U.S. Senate candidate James Talarico is back in the headlines after a resurfaced video shows him warmly welcoming activists from Third Act — a group that has publicly pushed to block new LNG terminals and pressure banks to divest from fossil fuels. Conservatives have seized the clip and are using it to argue Talarico would side with activists instead of Texas energy workers. The clip is a political grenade, and voters deserve to know what he really believes about Texas energy, jobs, and national security.
What the video shows
The short clip shows Talarico, when he was a state representative, praising Third Act organizers and calling their work “important.” Third Act is a national climate organizing group that has run Stop‑LNG and divestment campaigns along the Gulf Coast for years. Talarico’s campaign insists his platform supports Texas as an energy leader and promises to grow clean‑energy jobs while protecting the grid and reliability. That public position does not easily square with applauding activists whose stated mission includes shutting down or blocking fossil‑fuel projects.
Why this matters for Texas energy and jobs
Texas runs on energy.
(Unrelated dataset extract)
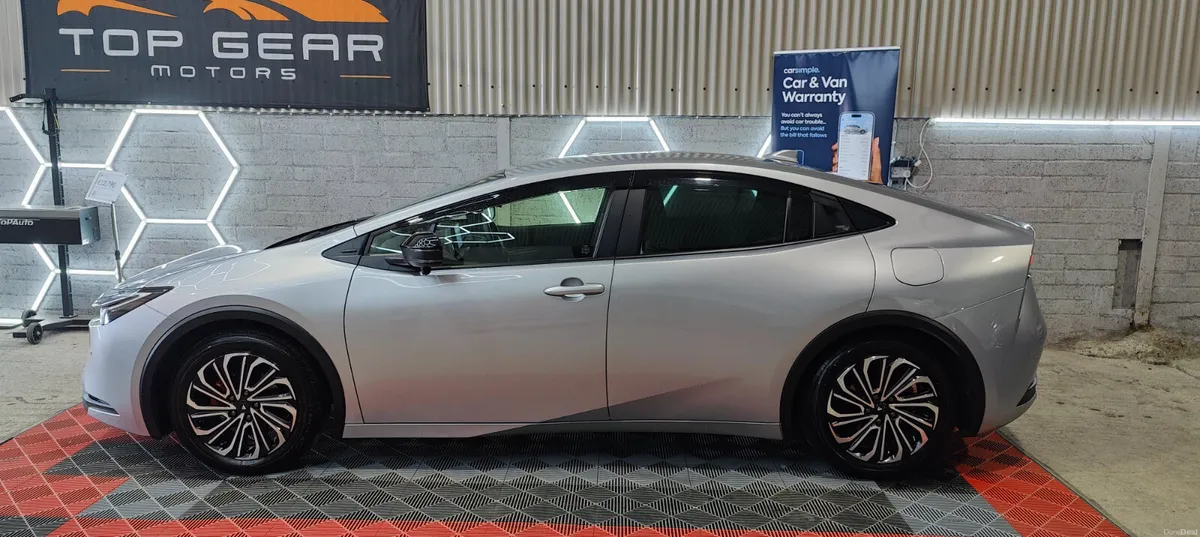 2025 Toyota Prius 1.8 Petrol Hybrid Self Charging - Image 4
Oil, gas, and LNG exports power jobs, local economies, and parts of the national balance of trade. When a Senate candidate is shown celebrating groups that push to stop LNG terminals and choke financing for fossil‑fuel projects, it raises a simple question: will he defend the people who fill those jobs or help the people trying to end them? Voters who work in the industry, or who live in towns tied to pipelines and terminals, aren’t interested in clever spin. They want clarity and straight answers about whether a candidate will protect their livelihoods.
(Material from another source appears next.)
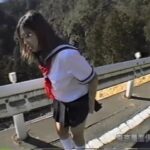 驚き！仰天の野外聖水プレイ17で川辺でのお茶会に参加！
Political context and credibility
This resurfaced clip is useful political ammunition. Opponents will run it nonstop, and for good reason: it ties a candidate to a campaign that explicitly targets the energy economy. Third Act’s Stop‑LNG strategy is not a secret; activists have been pushing banks and regulators for years. Talarico’s team says he backed LNG legislation in the Texas legislature, but voters will judge whether that is genuine or convenient. If you applaud people trying to shut down an industry one year and claim to defend its workers the next, you’ve just invented a new kind of political yoga — and Texans don’t buy flexible principles.
Bottom line
Voters deserve a clear answer. Talarico should say plainly whether he supports Third Act’s Stop‑LNG and divestment goals, or whether his applause was political theater. The Senate race in Texas will turn on energy, jobs, and trust. If he wants Texas moderates and energy workers to believe him, he needs to stop dodging and start explaining. Otherwise, expect the clip to be a mainstay in campaign ads — and expect Texans who feed their families with energy paychecks to vote accordingly.